また再び部屋に戻る様に護衛騎士はバルバラからの伝達事項を伝えてきた。
「今現在問題無しとされている方は部屋にお戻り下さい。検査済みの手荷物もお持ち下さい。明日はこの看板通りの時間にやはり集合願います。今度こそ審議の続きをするとのことです」
ふう、と貴族達はため息をつく。
それでも取り調べばかりされるこの場所よりはましだろう。
昼間集まった時とは別の思いで銘々の部屋に足取り重く戻っていった。
その中でテルガ男爵夫妻は護衛騎士に呼び止められていた。
「お手数ですが、貴方方は夜間に何かあった時のために、待機願って宜しいでしょうか」
「無論です。そちらから手配された医者の方々が居るなら合流したいところですが」
審議の最中であるので、それはまだまずいのだろう、と彼は言葉を濁した。
「感謝する、テルガ男爵。貴殿が医師でなかったら、すぐにこの対応はできなかっただろう
王はテルガ男爵に対し頭を下げた。男爵は慌てて恐縮する。
「いえ、自分は当然のことをしたまで」
まさか国王自身が自分に頭を下げるなど!
これまでの彼には想像もできないことだった。
実際テルガ男爵にとっては今回の行動は当然のことだった。
むしろ彼は当初のパーティの方がよっぽど居心地の悪いものだったのだ。
彼等夫妻は男爵とは名ばかりの庶民同様の暮らし、いや、仕事第一の分だけ社交という面においてはともかく苦手意識があった。

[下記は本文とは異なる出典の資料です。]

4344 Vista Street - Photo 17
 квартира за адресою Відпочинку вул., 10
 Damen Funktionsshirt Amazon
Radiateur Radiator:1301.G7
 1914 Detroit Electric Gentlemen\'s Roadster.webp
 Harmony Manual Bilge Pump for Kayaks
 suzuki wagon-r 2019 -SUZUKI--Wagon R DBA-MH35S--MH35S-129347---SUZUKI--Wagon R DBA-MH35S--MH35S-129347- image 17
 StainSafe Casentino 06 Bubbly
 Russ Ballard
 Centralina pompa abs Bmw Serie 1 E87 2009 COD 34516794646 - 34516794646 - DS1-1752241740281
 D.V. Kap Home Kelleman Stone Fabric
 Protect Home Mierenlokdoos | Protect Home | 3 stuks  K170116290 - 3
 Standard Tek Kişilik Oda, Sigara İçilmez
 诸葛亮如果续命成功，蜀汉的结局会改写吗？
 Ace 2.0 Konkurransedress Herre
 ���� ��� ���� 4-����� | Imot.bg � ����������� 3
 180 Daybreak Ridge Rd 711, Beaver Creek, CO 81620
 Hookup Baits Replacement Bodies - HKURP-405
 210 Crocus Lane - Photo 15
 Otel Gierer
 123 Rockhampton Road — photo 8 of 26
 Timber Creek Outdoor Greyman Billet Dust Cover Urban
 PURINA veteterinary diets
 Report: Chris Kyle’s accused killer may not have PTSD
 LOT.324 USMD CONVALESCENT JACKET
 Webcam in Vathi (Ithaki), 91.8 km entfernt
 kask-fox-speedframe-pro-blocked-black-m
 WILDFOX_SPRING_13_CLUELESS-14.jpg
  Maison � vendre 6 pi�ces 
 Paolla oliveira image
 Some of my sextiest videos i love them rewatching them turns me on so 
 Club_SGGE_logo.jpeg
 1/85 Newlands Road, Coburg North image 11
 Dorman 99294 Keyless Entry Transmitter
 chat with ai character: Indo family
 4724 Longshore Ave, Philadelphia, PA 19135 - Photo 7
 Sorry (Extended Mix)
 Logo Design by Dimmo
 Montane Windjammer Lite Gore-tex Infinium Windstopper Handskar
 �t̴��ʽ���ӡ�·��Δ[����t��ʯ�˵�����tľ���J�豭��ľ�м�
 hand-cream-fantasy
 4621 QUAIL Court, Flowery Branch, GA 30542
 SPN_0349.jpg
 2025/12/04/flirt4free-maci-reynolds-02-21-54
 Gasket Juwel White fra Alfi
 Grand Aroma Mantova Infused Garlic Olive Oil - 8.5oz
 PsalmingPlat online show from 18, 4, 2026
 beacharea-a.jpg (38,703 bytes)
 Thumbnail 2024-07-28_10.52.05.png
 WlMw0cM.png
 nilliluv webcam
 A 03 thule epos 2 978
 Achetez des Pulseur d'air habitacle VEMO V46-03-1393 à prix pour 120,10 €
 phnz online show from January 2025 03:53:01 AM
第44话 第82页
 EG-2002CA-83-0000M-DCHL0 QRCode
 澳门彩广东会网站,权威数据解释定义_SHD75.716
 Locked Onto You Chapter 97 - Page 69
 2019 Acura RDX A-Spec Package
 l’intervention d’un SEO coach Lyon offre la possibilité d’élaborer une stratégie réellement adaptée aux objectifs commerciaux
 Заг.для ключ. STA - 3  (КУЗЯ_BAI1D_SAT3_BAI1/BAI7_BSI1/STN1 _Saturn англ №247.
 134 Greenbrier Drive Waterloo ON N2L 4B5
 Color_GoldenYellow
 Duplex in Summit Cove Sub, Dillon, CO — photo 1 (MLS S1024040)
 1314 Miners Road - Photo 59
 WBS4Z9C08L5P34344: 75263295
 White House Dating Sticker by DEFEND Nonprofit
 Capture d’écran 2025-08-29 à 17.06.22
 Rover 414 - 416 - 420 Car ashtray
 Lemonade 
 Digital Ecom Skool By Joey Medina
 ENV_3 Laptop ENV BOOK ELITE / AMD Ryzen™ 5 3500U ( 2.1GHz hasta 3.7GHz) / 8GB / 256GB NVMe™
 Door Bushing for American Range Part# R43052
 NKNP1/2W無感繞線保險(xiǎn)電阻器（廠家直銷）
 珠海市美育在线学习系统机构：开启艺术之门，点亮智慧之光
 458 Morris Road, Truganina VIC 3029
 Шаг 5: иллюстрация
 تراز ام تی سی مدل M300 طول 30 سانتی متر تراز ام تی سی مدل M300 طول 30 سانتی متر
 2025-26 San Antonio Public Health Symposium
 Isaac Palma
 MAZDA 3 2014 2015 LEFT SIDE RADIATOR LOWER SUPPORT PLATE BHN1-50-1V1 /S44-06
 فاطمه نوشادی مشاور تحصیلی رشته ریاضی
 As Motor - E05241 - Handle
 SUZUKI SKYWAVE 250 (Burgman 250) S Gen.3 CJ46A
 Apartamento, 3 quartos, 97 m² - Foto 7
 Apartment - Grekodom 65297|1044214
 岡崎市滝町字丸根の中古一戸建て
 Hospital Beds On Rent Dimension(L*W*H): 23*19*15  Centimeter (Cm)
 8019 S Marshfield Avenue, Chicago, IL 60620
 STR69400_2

そもそも着てきた服も、それこそ夫妻揃って一張羅である。
ただ、男爵位の中で彼等の様に、庶民同様の生活をしている者はこの事態におけるフットワークが軽かったのは確かである。
一張羅は大事にとっておかねばならない。
そこで彼等は借りた動きやすい上着を付けていた訳だが、そのおかげでさっと彼等の手伝いとして、暴れ出す中毒患者をとっさに取り押さえることもできたのだった。
中毒患者は当人だけでなく、配偶者も取り調べのために護衛騎士によって別室に連れていかれた。
配偶者自身もいつ発作が出るか判らないということもある。
所持品の中に現物は無いとしても――いや、現物があれば取り繕うことができただろう。